The deliciously mournful music made by Aussie trio Dirty Three is often classified as post-rock. However, they bear little in common with the sturm ünd drang crescendos of Godspeed, You Black Emperor or Explosions in the Sky. Not unlike American string theorists Rachel’s, Dirty Three’s violin-led lilt is really a folksy brand of chamber music. Cinder, their latest for Touch & Go, contains hypnotic mini-suites that sway in delicate rapture.
Despite their avant-inclinations, Dirty Three are not a group hell-bent on re-invention. The band seems content to craft emotionally suggestive instrumentals that allow violinist Warren Ellis (not the writer of comic books) plenty of room to maneuver. He uses this space to draw brooding, sinuous lines across the compositions like red ink on brown parchment. Massive, room mic’ed drums are joined by guitars, bouzouki, mandolin and sundry instrumentation, forming a discreet lullaby coalition. The majority of Cinder feels like a wistful daydream or a half-formed memory; a pleasant, if not entirely distinguishable experience.

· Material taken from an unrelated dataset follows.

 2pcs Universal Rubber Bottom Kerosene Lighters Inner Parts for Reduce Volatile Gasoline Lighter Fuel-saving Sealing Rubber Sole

The album’s 19 tracks seem magically threaded together, with occasional sonic exclamation points such as the distorto-strut of “Doris” and Chan Marshall’s stunning vocal on “Great Waves.” The latter sounds so spiritually pure it begs for a full-length collaboration between the artists.

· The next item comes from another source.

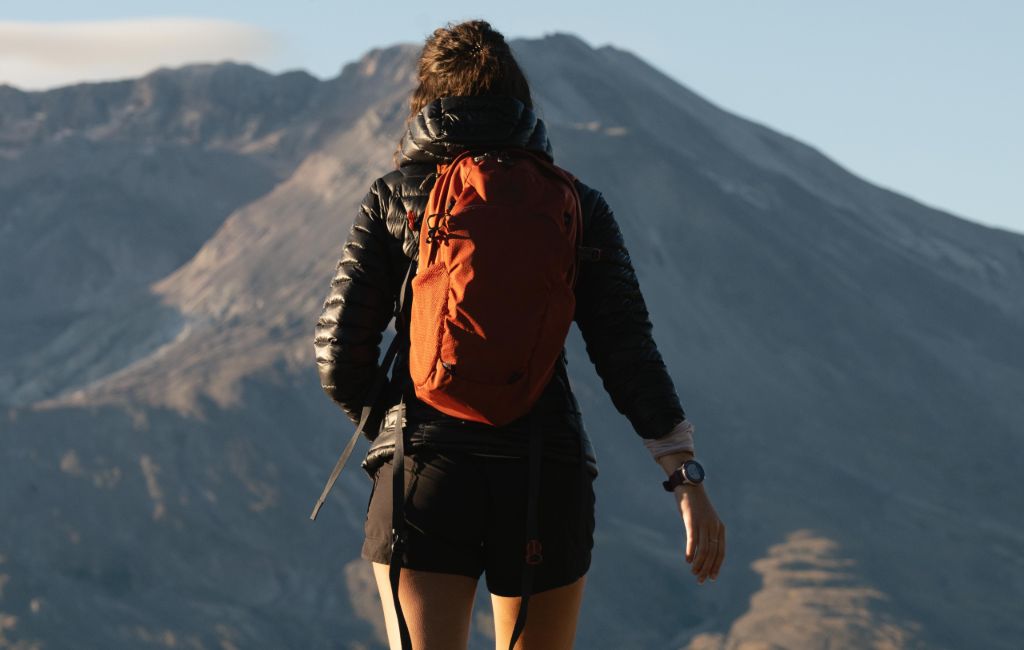 Suunto 9 Peak - A hiker's long term review - The Photo Hikes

“It Happens,” has, believe it or not, the feel of a Stones ballad, replete with a melody lifted from some parched portion of Beggar’s Banquet. The cut’s summery aura still contains a tinge of grief, however; Dirty Three’s music offers mood as a multi-hued concern.

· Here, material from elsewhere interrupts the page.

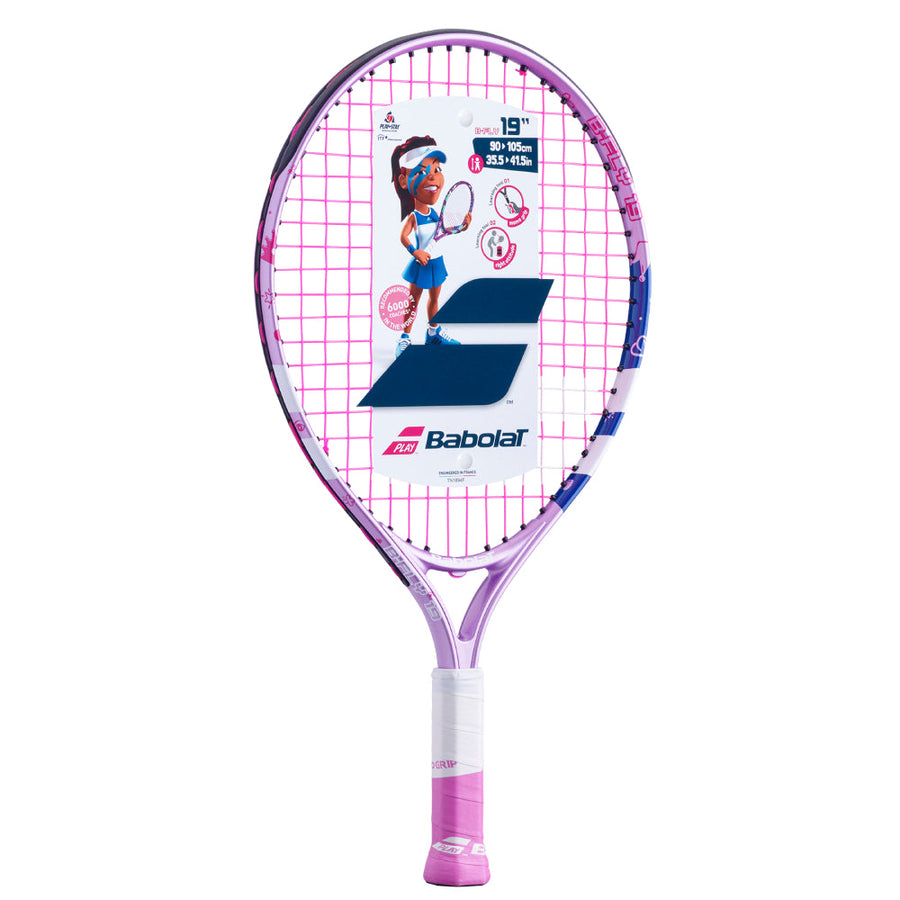 Shop Tennis Rackets Collections Online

The Celtic-influenced intro on “Too Soon, too Late,” subsequently gives way to a noir-esque waltz that could be the soundtrack to a spaghetti western filmed in coastal Ireland. The oddball gem “Rain On” ambles along in a slow motion stupor. With sporadic percussive events and tumbling guitar lines, it staggers forward like the village beauty on a drunk. “Ember” is similarly tempered, with light brush work and a turbulent, if workmanly chord progression.
Largely, it’s difficult to separate one track from another, but this is probably the intent. With a solid emotional through-line and a few sonic surprises, Cinder is a musical novella, whose narrative compels you to its last luxurious line.